Taking local backups is still a good idea in any of those scenarios. (Be sure to use a different drive for the backups, or a drive failure can lose both copies.) Be aware that local backups can only back up what's local, so optimized photos will have backups that are also reduce in resolution.


I think I've covered all of your questions, if not directly or in order. Feel free to ask more specific questions.

Apr 7, 2020 10:04 PM in response to markwmsn

Thanks for your detailed explanation.


The answer to most of your questions depends on the details of how you intend to do it. Would you be storing your entire library on the external drive, dividing it into one library on the internal and one on the external, or just moving some of the photos into Finder folders on the external drive. - At this stage, planning to store entire library as a stand alone.


If you divide your library, at most one of the two can be your System Photo Library and attached to iCloud Photos. Normally, that would be the library on the internal drive; the library on the external drive would be a stand-alone library. Any photos outside of the System Photo Library, including those in Finder folders, would not be reflected in iCloud Photos. Ok


Having a library enabled for iCloud Photos does not by itself save any space on local disk. If you also enable the Optimize Mac Storage sub option, then Photos may save some space by reducing the resolution of the local copies of some photos when storage on that disk gets low. This is completely automated; there are few ways to affect how many photos are optimized to lower resolution, or which ones.Yep - seen that.


Calling iCloud Photos a backup is not strictly accurate. The cloud version of the library becomes the master copy, and the local library (or libraries if you have multiple devices) slave to it. Ok.

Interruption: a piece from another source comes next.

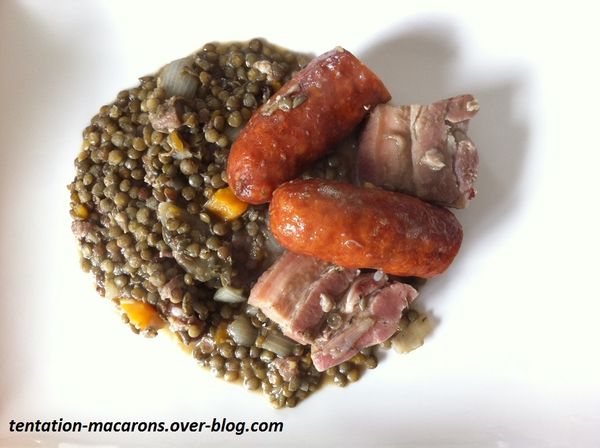 Lentilles saucisses et lard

Taking local backups is still a good idea in any of those scenarios. (Be sure to use a different drive for the backups, or a drive failure can lose both copies.) Be aware that local backups can only back up what's local, so optimized photos will have backups that are also reduce in resolution. Ok.


Can you then point me in the right direction to save to my external drive or is it simple as copy and paste ?

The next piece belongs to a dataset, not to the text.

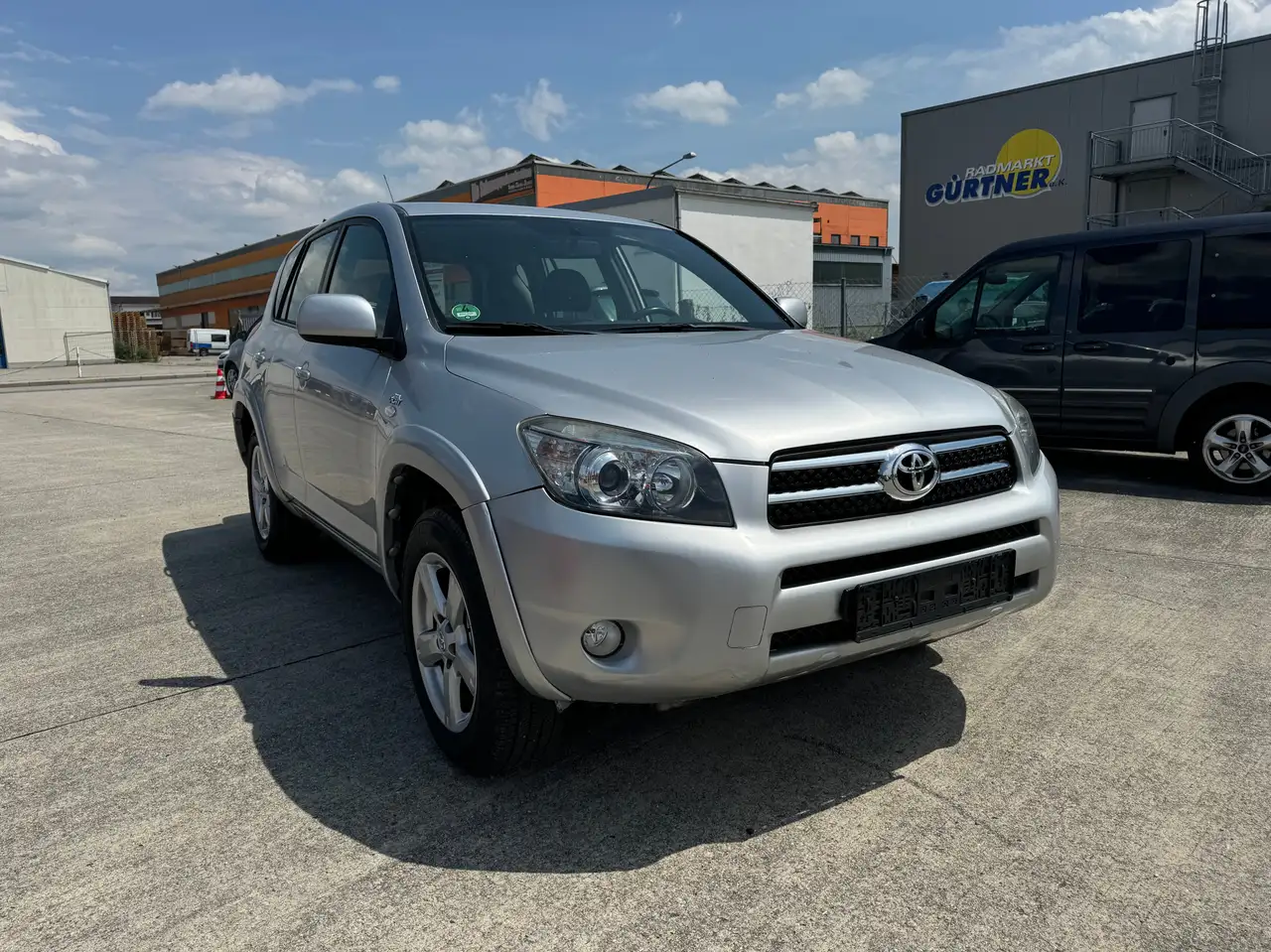TOYOTA RAV4 AWD - 177 ch - 112 869KMS - VOLANT EN CUIR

Apr 15, 2020 11:23 PM in response to markwmsn

Thanks.


Copied all the photo's on the ext drive.


And have run basic tests to make sure that it worked.


If the one on the external disk is to be the only library going forward, make it your System Photo Library. (That setting is in Photos > Preferences... > General. It's a button with the text "Use as System Photo Library" that goes gray when you click on it.

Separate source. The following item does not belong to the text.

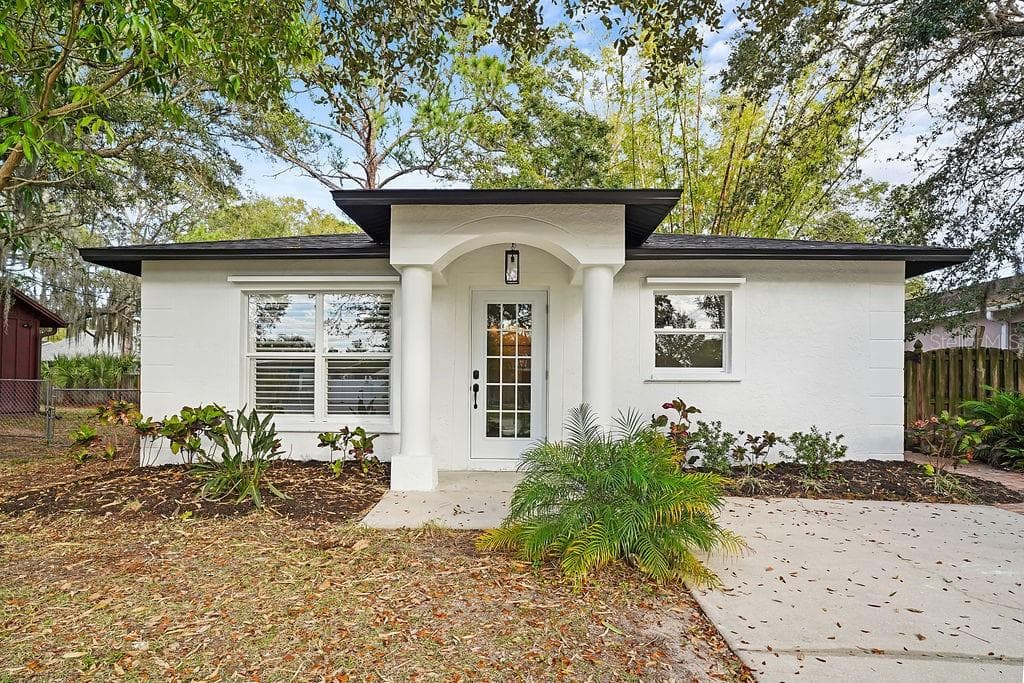 1208 TARPON AVENUE SARASOTA, FL 34237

However, cant seem to find photo's/ prefs or a button that has a text of ' Use as System photo library ' ?


Only have a folder called Picture 's in both the HD or the Ext Drive ?


Have I missed something ?




Apr 16, 2020 4:02 AM in response to markwmsn

markwmsn wrote: ....
Be aware that local backups can only back up what's local, so optimized photos will have backups that are also reduce in resolution.


It is worse than that, Mark: as soon as you open a restored Photos Library from a backup with optimised versions, the optimised versions will be removed completely. There will be missing items in the albums and projects, the metadata for the optimised versions will be lost. You will not even have the optimised version as a placeholder. We need to make regularly a download of the full library to an external volume to have a backup, preferably on a different Mac or at least from a different user account, so we do not need to turn off iCloud Photos for our main user account.


Apr 16, 2020 4:34 PM in response to léonie

Thanks for the information, léonie, ghastly as it is. If that happens even with Time Machine restores, that should be reported to Apple as a bug. (It's hard to know where a similar issue with a third-party restore should be reported.)


I have not had occasion to run a test restore of an optimized library. Are you speaking from direct experience?


I do make sure that one of my Macs keeps a full library available for backup purposes. (At least, to the extent possible with no visible indicator of whether the set of full-resolution images is complete.)


I'll change the way I caution other users about the dangers of optimized libraries.